### [What is required]
The data below holds the lines to copy: everything from the line containing "Brilhante neon line" to the line containing "Bo-Strom Erik Hoglund", both ends included, set down exactly.

### [Data records]

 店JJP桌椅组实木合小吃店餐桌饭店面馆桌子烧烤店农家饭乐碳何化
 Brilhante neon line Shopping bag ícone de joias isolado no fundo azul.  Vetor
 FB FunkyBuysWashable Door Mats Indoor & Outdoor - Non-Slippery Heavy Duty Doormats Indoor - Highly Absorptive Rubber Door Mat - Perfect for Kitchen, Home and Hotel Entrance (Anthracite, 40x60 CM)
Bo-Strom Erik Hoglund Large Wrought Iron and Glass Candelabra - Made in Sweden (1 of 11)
--
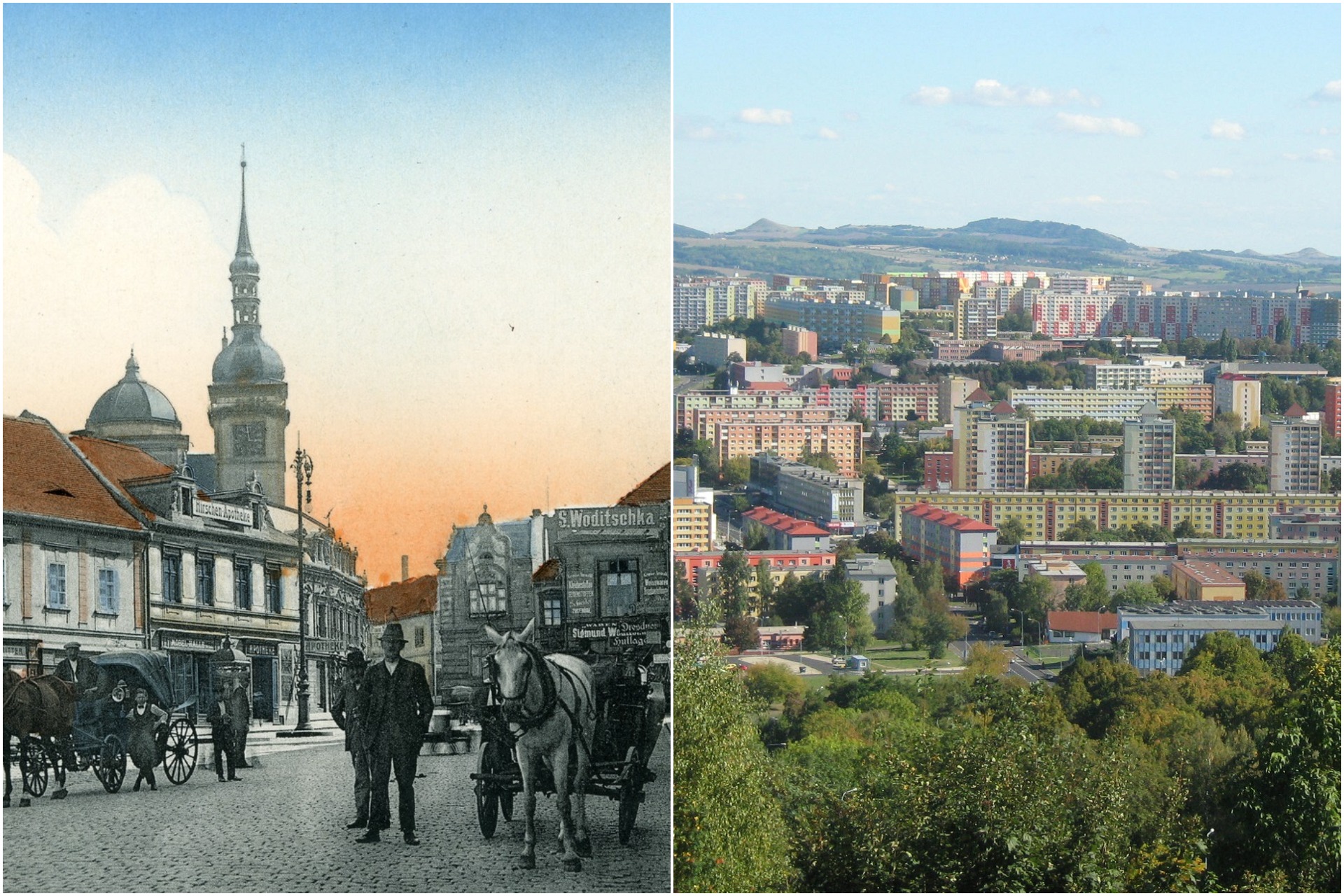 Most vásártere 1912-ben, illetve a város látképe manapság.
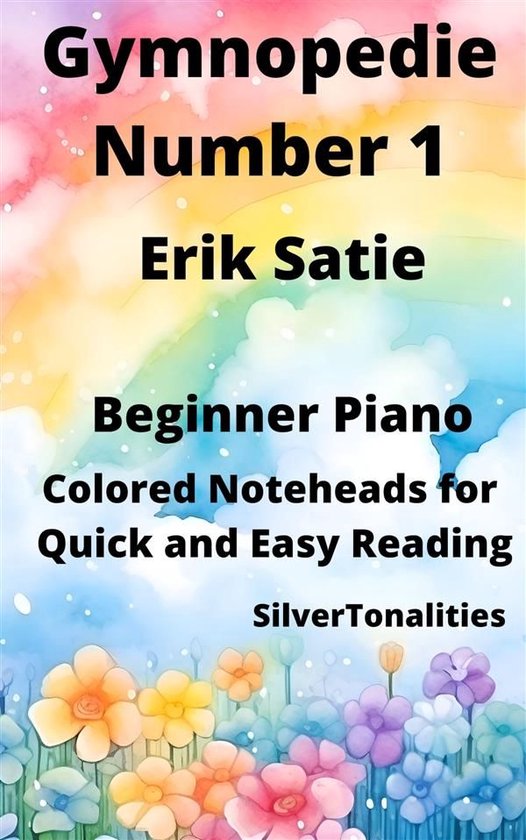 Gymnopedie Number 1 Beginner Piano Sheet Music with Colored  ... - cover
* * *
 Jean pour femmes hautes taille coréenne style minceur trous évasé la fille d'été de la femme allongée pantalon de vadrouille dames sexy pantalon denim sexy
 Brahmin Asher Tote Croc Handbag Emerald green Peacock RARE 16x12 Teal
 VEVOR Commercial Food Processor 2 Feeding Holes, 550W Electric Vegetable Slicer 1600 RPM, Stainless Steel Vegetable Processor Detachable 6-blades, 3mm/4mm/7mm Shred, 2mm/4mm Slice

### [Answer space]
 Brilhante neon line Shopping bag ícone de joias isolado no fundo azul.  Vetor
 FB FunkyBuysWashable Door Mats Indoor & Outdoor - Non-Slippery Heavy Duty Doormats Indoor - Highly Absorptive Rubber Door Mat - Perfect for Kitchen, Home and Hotel Entrance (Anthracite, 40x60 CM)
Bo-Strom Erik Hoglund Large Wrought Iron and Glass Candelabra - Made in Sweden (1 of 11)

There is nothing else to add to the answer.